I like writing fantasy ghost fairy stories that at times have a fairly strong religious content, so lots of angels and demons muscling their way in.

I write (well, I try to) because I now can. The day job of being an IT consultant / Enterprise Architect doesn’t get in the way.


I’ve also signed up for the April NaNoWriMo malarkey.

Why do you think you’ve been lazy during March? One person’s version of laziness is another person’s vision of frenetic activity. For me, just steadily plodding along like a tortoise, hits the spot.

Brigitte, I did say that the sun is coming out. That means when I'm walking the dog down the old bridleway, inspiration can strike. For example, in the late afternoon, seeing sudden shafts of golden light pierce the tangled trees and shrubs, illuminating midges dancing their vertical ballet in the narrow corridor of warmth. I didn't say I was going to stop scribbling....just need to get out more to work out how to weave everyday life into my stories.

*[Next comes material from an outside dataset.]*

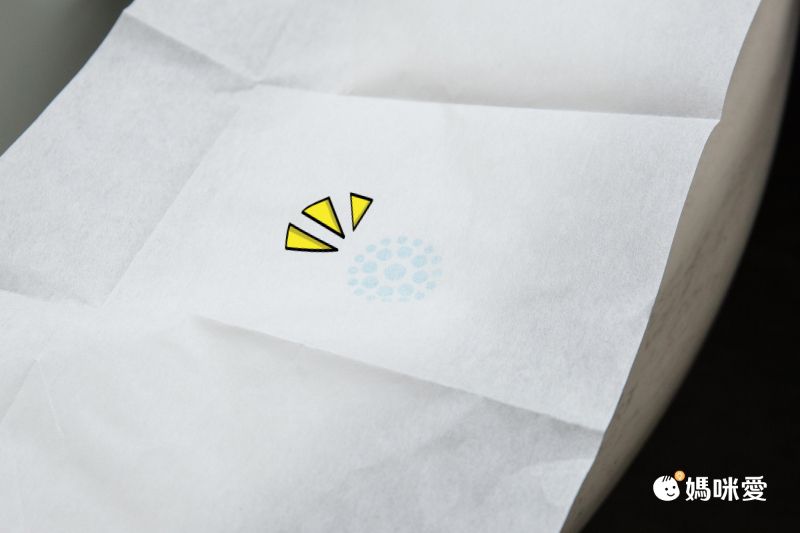 日本代購 - 日本製黏貼式馬桶坐墊紙(內附贈隨身收納包) (38x43cm)-70枚/盒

Brigitte, I'm tempted to imitate Brenda from Bristol, and say "You're joking? Not another one."

My NaNoWriMo effort from November has been purged of typo's and bad grammar, and has now been moved to the "festering pile". Which means I'm leaving it alone while I work on a previous story, which is getting a rewrite, and a major overhaul. 

April and July are not good months to be writing. The sun is starting to come out, and that means my cursed mistress (my classic car) is calling to me, and demanding that I attend to all those little jobs that need to be done.  

I've been boring, and just plodding along. Since completing NaNoWriMo, I have been steadily going through the 50,000 words, and checking for grammar and spelling mistakes - when doing NaNoWriMo, I took the view the 50K words was the target, and it didn't matter if the words were correct or not. I've also been editing at the same time, and trying to fill out the annoying holes in the plot.

I've now arrived at what I call my revision 2, and instead of taking words out, more words have gone in. Word count now at 66K, and there are still some holes to fill in. 

I've also created another version in Scrivener (mainly as an exercise in getting to learn how Scrivener works.) Once I've buffed and honed my current project, I'll go back to the other two I've got on the go.

Hmm, and is there a standard to be used when a protagonist is speaking with a ghost? And is the only person who can see and converse with said ghost? At present, I've written it as standard speech.

CAIN's JAWBONE seems like the sort of puzzle researchers of the Dead Sea Scrolls, regularly have to deal with. And something interesting to get to grips with. 

If you want to become fluent in stylized English of the 1930's, a good start is in reading the memoirs of officers who served in the First World War. For example, Adventures of a Motorcycle Despatch Rider during The First World War by Major William Henry Lowe Watson. The tone of the book makes The First World War sound like a jolly adventure and a bit of a laugh. Then migrate through the various Biggles books, and dare I mention, the Billy Bunter books and comic strips?

I've just looked up CAIN'S JAWBONE on Amazon, and read the description given. Jo, it's a good job you're in Canada, and you daughter is in England. Don't shoot her. The problem is solvable through logic and intelligent reading. 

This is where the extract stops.